There are also requirements relating to the actions that are allowed to take place by third party administers, networkers or remarketers and insurance companies that operate in the state. The law also includes a section relating to guidelines that outlaws anti-steering by any of the aforementioned to ensure that consumers can use a shop of their choice. No third party administer, network, remarketer or insurance company can require that a Massachusetts insured use a particular AGRR glass shop. That also seems “reasonable” expectation doesn’t it? A law that is providing the consumer the opportunity to choose the shop they want to use via this legislation is a good thing.

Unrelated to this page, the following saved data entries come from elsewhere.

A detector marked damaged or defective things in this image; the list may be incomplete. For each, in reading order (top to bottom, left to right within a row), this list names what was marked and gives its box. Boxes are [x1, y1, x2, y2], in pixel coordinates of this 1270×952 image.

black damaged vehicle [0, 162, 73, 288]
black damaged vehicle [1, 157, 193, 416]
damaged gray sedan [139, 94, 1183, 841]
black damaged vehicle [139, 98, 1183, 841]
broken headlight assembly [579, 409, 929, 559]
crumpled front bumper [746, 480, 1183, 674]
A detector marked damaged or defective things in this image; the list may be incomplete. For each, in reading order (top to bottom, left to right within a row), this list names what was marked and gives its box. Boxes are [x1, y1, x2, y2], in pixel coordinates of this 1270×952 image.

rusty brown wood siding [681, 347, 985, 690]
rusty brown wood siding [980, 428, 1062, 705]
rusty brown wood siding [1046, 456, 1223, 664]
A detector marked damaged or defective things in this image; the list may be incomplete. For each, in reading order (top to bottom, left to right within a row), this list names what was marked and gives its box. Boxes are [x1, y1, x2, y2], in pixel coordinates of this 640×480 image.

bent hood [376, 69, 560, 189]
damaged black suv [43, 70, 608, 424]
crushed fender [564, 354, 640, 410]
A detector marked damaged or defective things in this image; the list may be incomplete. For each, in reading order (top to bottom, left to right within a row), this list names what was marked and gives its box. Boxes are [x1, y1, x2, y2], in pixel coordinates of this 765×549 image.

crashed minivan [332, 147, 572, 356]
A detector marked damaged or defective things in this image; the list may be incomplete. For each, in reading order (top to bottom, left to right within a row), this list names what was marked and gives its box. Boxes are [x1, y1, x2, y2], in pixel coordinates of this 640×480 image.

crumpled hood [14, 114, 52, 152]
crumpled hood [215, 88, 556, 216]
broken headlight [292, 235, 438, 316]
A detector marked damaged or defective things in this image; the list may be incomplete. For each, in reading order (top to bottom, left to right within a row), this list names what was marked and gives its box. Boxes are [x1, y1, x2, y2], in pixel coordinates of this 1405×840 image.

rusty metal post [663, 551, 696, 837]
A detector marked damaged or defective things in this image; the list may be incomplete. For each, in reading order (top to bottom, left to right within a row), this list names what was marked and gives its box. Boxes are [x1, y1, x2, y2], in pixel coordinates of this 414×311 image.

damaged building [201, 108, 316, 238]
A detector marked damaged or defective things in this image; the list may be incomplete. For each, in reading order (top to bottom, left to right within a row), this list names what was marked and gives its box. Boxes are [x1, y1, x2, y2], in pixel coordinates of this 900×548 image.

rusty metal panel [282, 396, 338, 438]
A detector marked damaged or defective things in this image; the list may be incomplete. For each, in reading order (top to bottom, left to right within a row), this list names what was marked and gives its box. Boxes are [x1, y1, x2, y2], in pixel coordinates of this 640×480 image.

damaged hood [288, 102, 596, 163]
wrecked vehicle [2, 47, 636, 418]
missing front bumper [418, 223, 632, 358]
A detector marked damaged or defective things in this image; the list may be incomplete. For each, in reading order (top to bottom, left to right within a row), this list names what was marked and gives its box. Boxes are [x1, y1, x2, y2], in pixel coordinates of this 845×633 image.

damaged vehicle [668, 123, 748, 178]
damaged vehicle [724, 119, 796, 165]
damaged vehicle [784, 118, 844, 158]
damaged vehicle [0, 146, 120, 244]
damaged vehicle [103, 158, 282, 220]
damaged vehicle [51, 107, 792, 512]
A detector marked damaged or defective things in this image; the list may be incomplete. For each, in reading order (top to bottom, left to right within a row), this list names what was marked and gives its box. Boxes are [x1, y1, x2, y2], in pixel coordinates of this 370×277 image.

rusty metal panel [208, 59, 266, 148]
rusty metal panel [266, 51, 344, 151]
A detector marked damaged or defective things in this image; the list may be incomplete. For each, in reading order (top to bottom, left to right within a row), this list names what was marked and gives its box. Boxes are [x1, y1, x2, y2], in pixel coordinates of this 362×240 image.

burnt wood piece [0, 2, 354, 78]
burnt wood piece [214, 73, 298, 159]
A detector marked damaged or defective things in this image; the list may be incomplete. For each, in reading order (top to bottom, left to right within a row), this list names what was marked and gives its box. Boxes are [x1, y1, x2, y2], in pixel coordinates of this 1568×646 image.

The law authorizes the Massachusetts Division of Insurance to not only enforce all of the guidelines, but authorized the authorities to collect fines associated with any violation of the law by those providing AGRR services to Massachusetts residents. The law requires consumer transparency and that too is a “reasonable” expectation that consumers should expect to receive when they are in need of auto glass repairs or replacements.

I believe that Massachusetts Bill 2216 which has was enacted by the state legislature and signed by the governor into law could be a template for similar legislative initiatives in other states in the coming year. In a previous blog titled Network Participation Agreement – “Special Update” I suggested that as an AGRR retailer you might want to,

continue to focus on the customer and provide exceptional value with outstanding transparency.” 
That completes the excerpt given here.